The joy of combat had taken possession of the whole portico. Idlers had gathered in throngs at the doors. The fish-women were leaning far forward over their counters with the eager appetites of furies, clacking their tongues as though they were sicking two dogs upon each other and banging on their scales to applaud each cutting thrust. It was time for Dolores to fall back on the ultima ratio of a fish-woman's contempt.

"Look, Rosario! Don't talk to me! Talk to this!"

And she turned squarely around and, bending slightly, registered a resonant slap on the pair of spacious hips that trembled under her calico skirt with all the elasticity of her firm flesh.

This trovata had immense success with the audience. Women fell from their chairs in the contortions of laughter. The tunny-men in the near section doubled up in the gripes of joy, while the hilarity found its outer boundaries in the meat-market, stalls and stalls away. Staid gentlemen from town set their baskets down to do full justice with their clapping hands to the beauty and the wit of the inimitable Dolores.

But the triumph of the Rector's wife was of short duration.
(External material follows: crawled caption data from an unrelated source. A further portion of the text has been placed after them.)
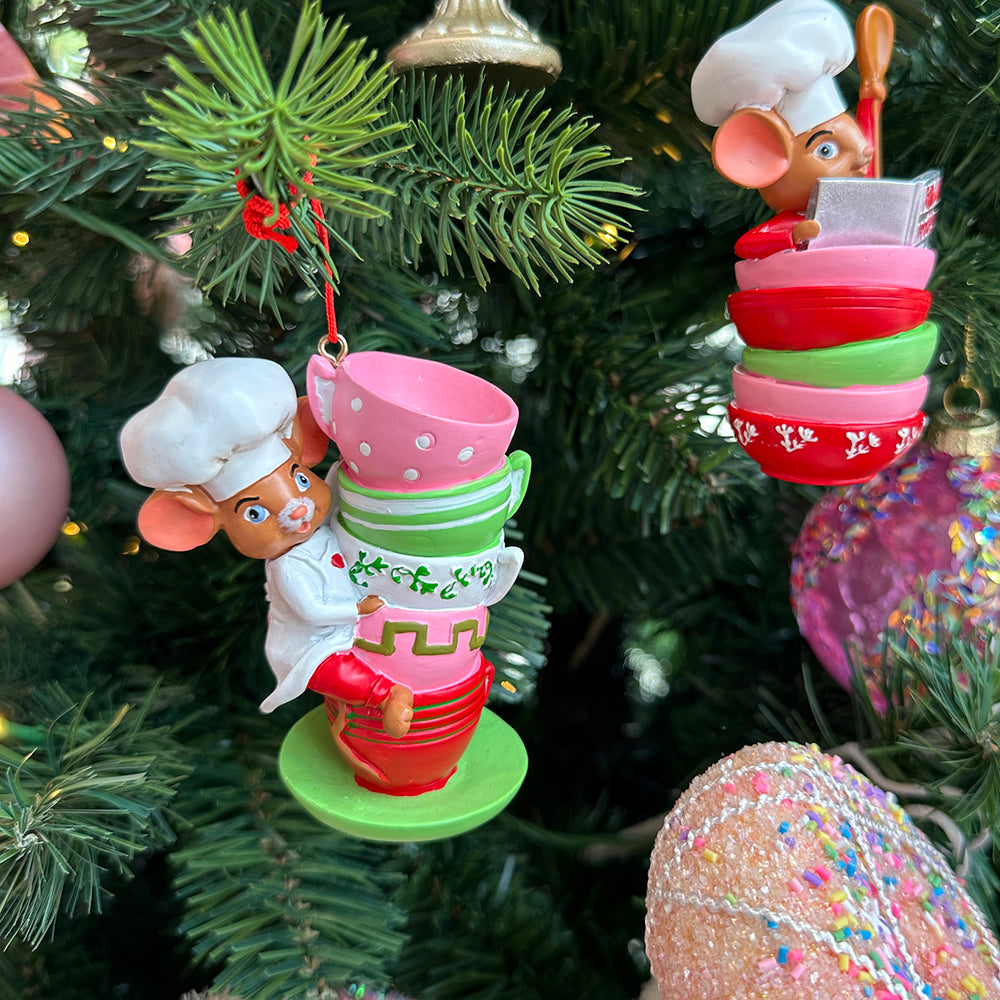 Kurt S. Adler Christmas ornament - Mice in the Kitchen - set of 2 - pink red green - 8cm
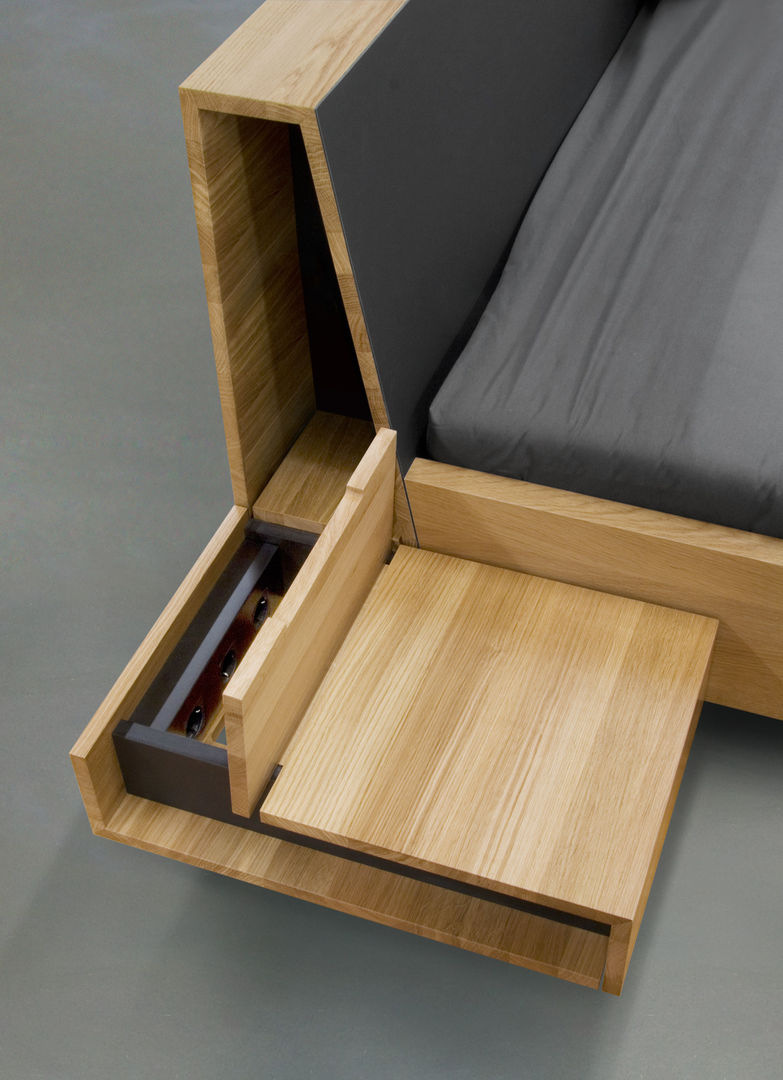 Bed A: stylishes Doppelbett mit Schwebeeffekt, studio jan homann studio jan homann ห้องนอน เตียงนอนและหัวเตียง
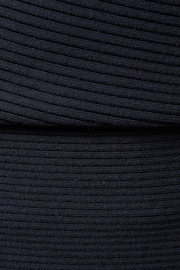 Reiss Navy Lorna Asymmetric Draped Knitted Top - Image 5 of 5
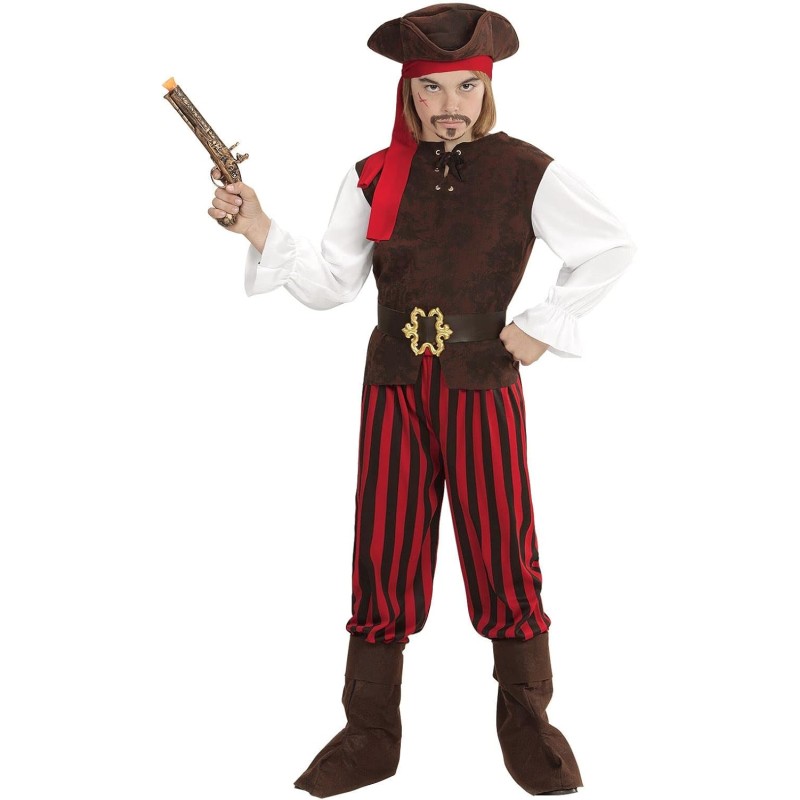 Widmann - Costume per bambini Pirata dei Caraibi, corsaro, bandito, bucaniere 128 cm / 5-7 Anni, 65646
As she looked around to see the effect her blow had had, a handful of sardines struck her full in the face. Rosario was blind with fury. "Come out of that stall! Show your face out here where I can get at you, you low-lived street-walker!" And Dolores did show her face. Rolling her sleeves up still higher, as though clearing for action, she strode forth from her stall, her eyes aglow with the enthusiasm of combat. Toward her Rosario came running, brushing aside the arms that tried to restrain her, aquiver with rage from head to foot and shrieking curse on curse.

They met in the wet, slippery passageway between the two lines of counters. Head down, the smaller woman rushed full tilt into her taller and sturdier antagonist. It was a shock of nerve on muscle. Dolores was scarcely stirred, and the blows Rosario rained on her did not seem even to ruffle her temper. Answering in kind, she began to deliver the most merciless slaps upon the pale, bony cheeks of her assailant, which grew red under the punishment.

But suddenly Dolores shrieked in agony and raised both hands to one ear. "The dog! The dog!" she cried.

Rosario's fingers had closed over one of those pearl earrings that had been the admiration of the Fishmarket. She had torn it out. The pretty girl began to sob, pressing her torn ear under both her hands, while blood streamed through her fingers. "Was that the way to fight fairly?" she moaned. That showed the kind of woman she had to deal with. People had gone to jail for life for less than that! Then, whipped to a violent rage by the pain she felt, she started once more for her enemy. But the fish-women had gathered round her, petting and consoling her, and they held her back. Tia Picores, meanwhile, was spitting oaths and insults into the face of Rosario, who stood there pale, fainting, in fright and horror at what she had done.

Above the crowd outside the portico the top-knots of several policemen had appeared. The forces of law and order were trying to elbow their way into the throng. Sh ... h ... h! Tia Picores assumed command. "Back to your stalls, everybody! And mum's the word! Those pretty boys will be in here with their summonses and their papers! Nothing's the matter, remember, everybody, nothing happened at all!" Some one threw a big handkerchief over the bleeding ear of the wounded girl. The women were all in their places looking straight ahead as solemnly as in church, and calling off their prices with laughable mechanicalness. As the officers passed from counter to counter the market was again in turmoil, but of a different kind. "What are those dudes doing in here? Some people never know where they belong. What's the idea? Just butting in, eh, lolly-pop!" And the police marched out as wise as they had entered, chased away by the drawling voice of tia Picores—who could never understand how people allowed such a government of thugs and grafters to exist among honest people—and marking time to the banging of metal scales, which all began to clatter as a parting salutation.

The market returned to its usual routine. The vendors were busy with their custom. Rosario, like a sphinx in dudgeon, stood upright and stiff behind her counter, indifferent to the passing trade, spots on her cheeks and temples turning black-and-blue from the buffets they had received. Dolores kept her back turned toward her enemy, but she was doing her best to stifle the cries that her pain was almost tearing from her. Tia Picores seemed to be in a thoughtful mood, as she talked aloud and in monologue to the fish lying about in front of her. And those spit-fires would keep at it for the rest of their lives, eh! I kill you or you kill me! Fine! And all over a man! Men! Men! As though there weren't enough hogs in the world to go round! But she would put a stop to it, she would. Any more of their nonsense and she would thrash them, thrash them both, by God! And perhaps they didn't think she could! Well, she would see!